Scream Above the Sounds
In My Dreams
I don't feel like I ever have good dreams. I genuinely don't ever remember waking up and thinking "Wow, that was good" or just something to put me in a good mood and set me up for the day, you know? I've been having the same nightmares now for the last 6 months, they are a lot less frequent now but they still exist and torment me.
They don't have nearly the effect they had on me to begin with. They used to make me feel horrendous. I know sometimes people will wake up and think "My God, that was horrid" but then that's it, you move on. With me, it stuck with me throughout the day. Sometimes I would struggle to have conversations with people because I would be thinking about it or various other horrible scenarios. It became obsessive. It was really hard to get out of that place and shake it, but I'm glad I have. I do feel like these dreams, nightmares, whatever you want to call them are haunting me and something is still trying to break me down. I've learned to let go, at least that's what I tell myself. Maybe these dreams are telling me that I'm not as strong as I'm believing myself to be. I don't know.

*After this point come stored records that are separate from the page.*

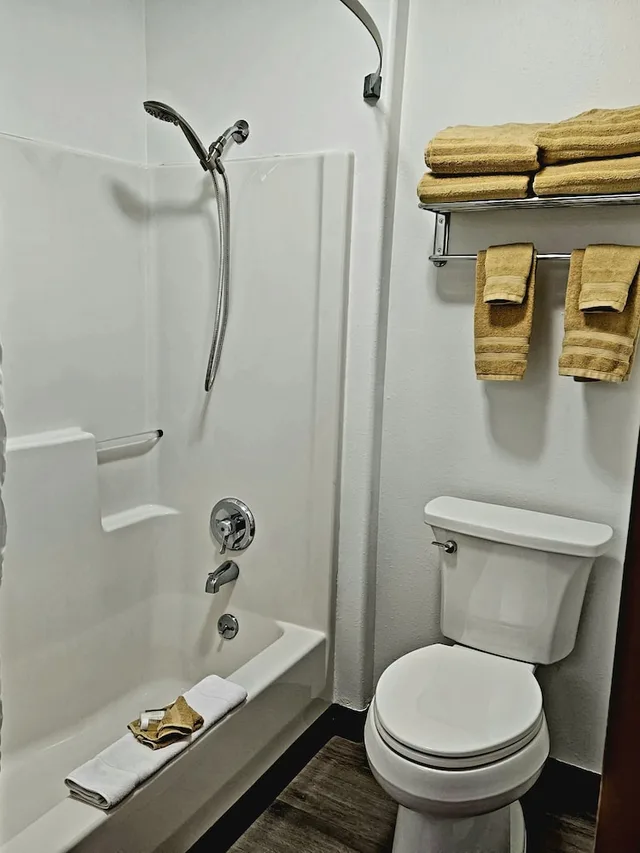Family Suite, 2 Bunk Beds, Sofa, Super 8 By Wyndham Belgrade/Bozeman Airport 4/6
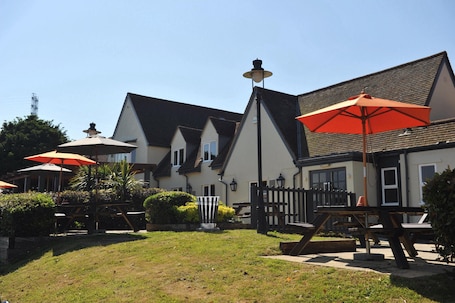 Exterior. Premier Inn Ipswich South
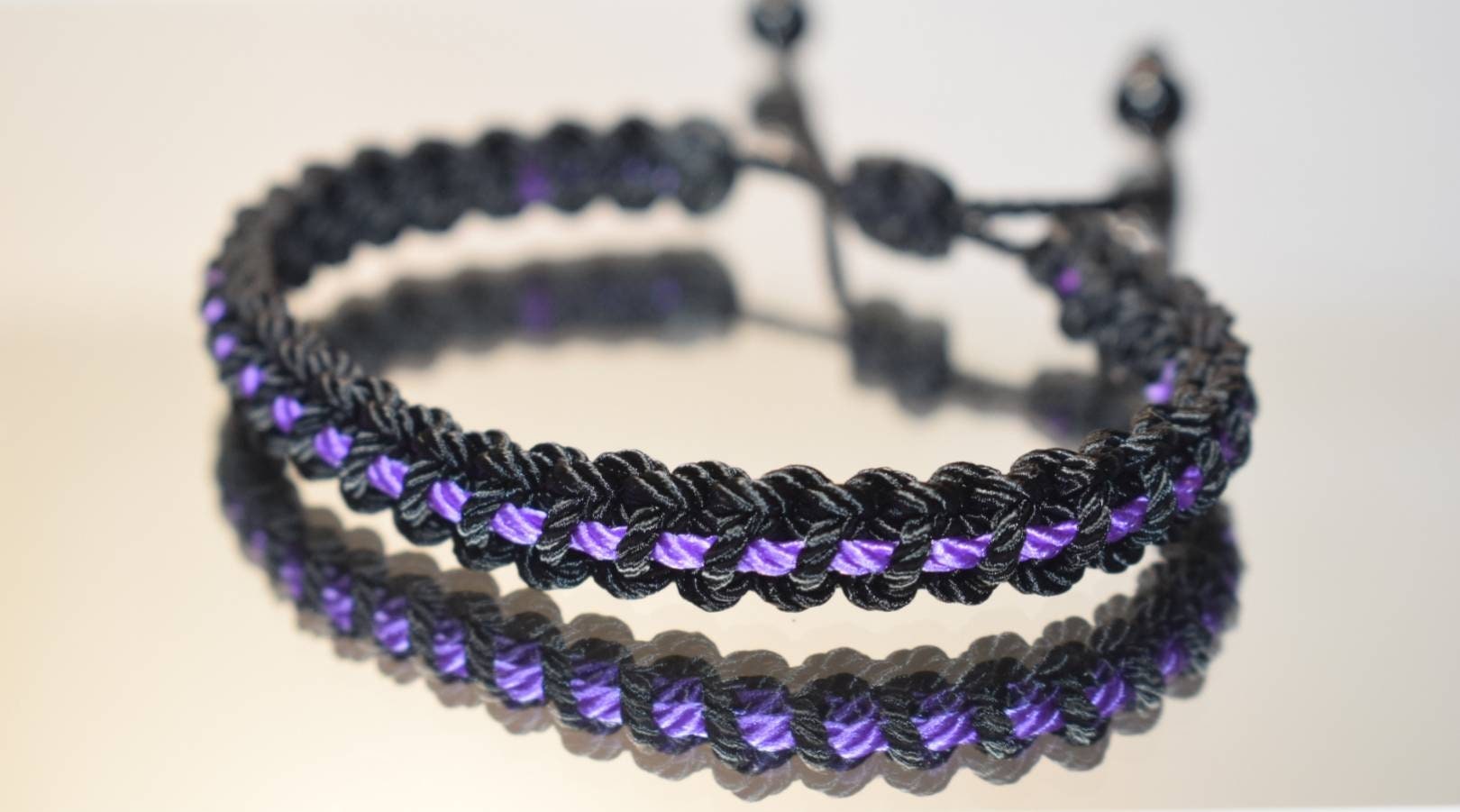 ブレスレット BLACKPURPLE Luminary Mignon Bracelet 4mm 4BFK549 Black and Purple Bracelet - Etsy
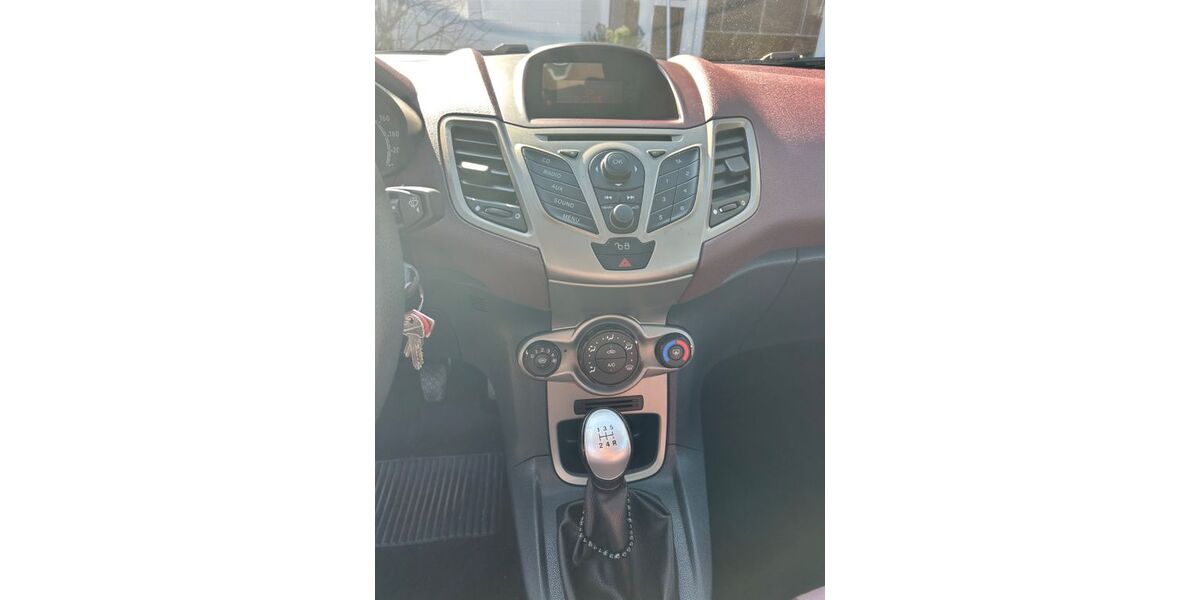 Ford Fiesta 105.400 km 3.400 &euro; Aachen 52080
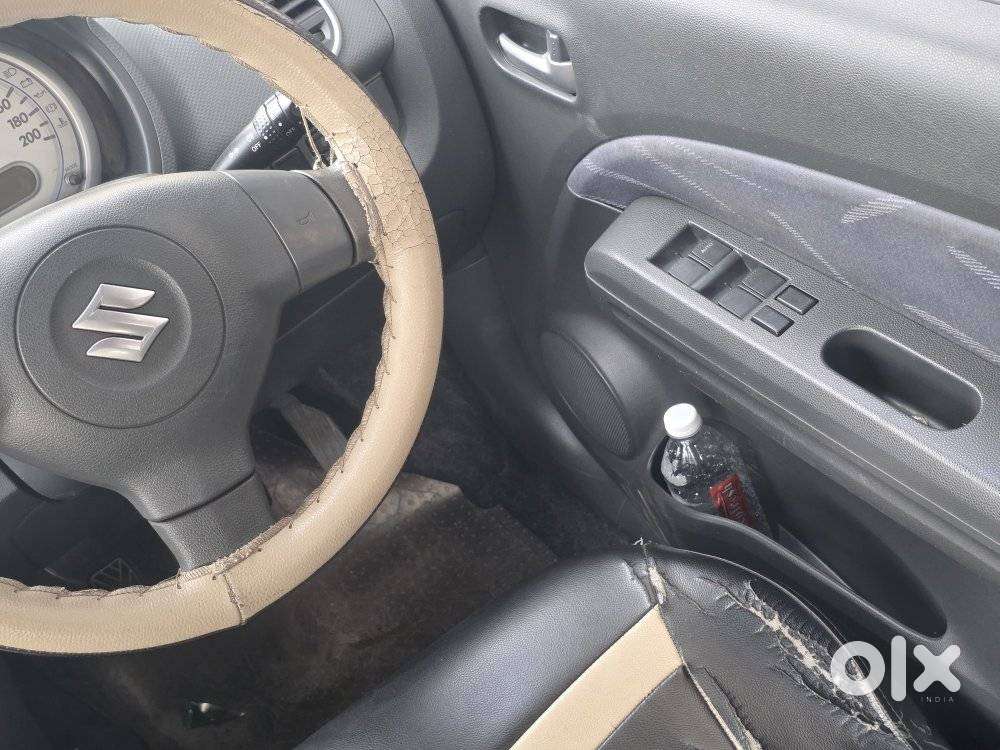 Maruti Suzuki Ritz Vxi, 2011, Petrol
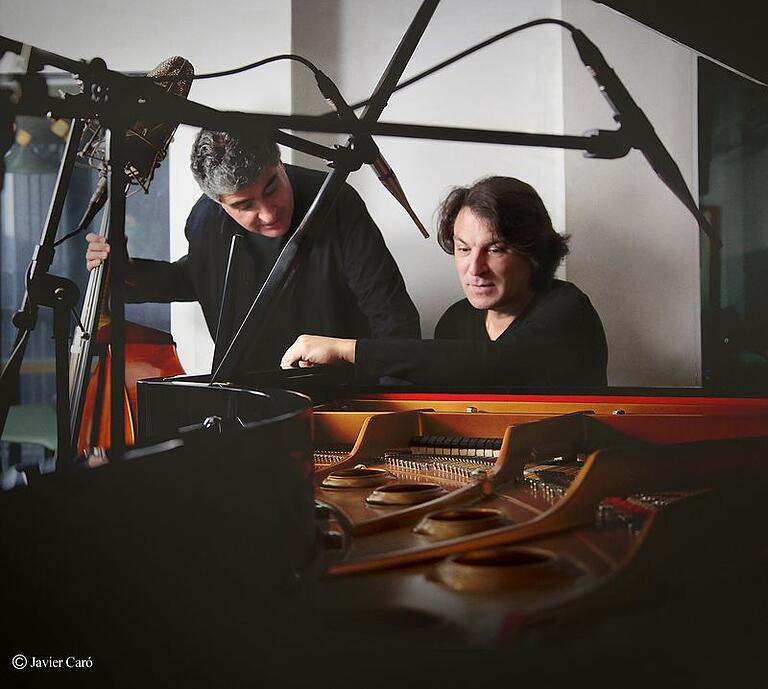 Der Kontrabassist Renaud Garcia-Fons (links) und der Pianist David Pena Dorantes interpretieren Flamenco auf ihre Weise - ganz ohne Gitarre. Zu erleben ist das Duo am 22. Juli beim Hafensommer.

I'm not very descriptive with my dreams but the content involves sex, murder, death, heartbreak. It usually always boils down to the same thing to, often the same ending. I just don't wake up and feel like crying anymore. I don't wake up sweating or panting. I never had dreams like these previously, not on a level like this. It's something that's just ingrained in my head now. I used to get really bad, vivid dreams when I was on anti-depressants in 2015. I've always been a very weird sleeper. I need to have something on in the background to help me. Usually some sort of relaxing video game music or a podcast or something will do the trick. I used to just watch TV shows and put my TV on a sleep timer. I just don't feel comfortable sleeping alone in the dark. I know that sounds laughable at the age of 27. I need some sort of distraction. Being alone in bed in the dark with nothing but your thoughts is dangerous. At least with my mindset.
I've had a very positive few weeks and I want to try and keep it going. I have work this weekend and then I start studying on Tuesday. I've got to start focusing on that and not letting this stuff get to me. Have to keep moving.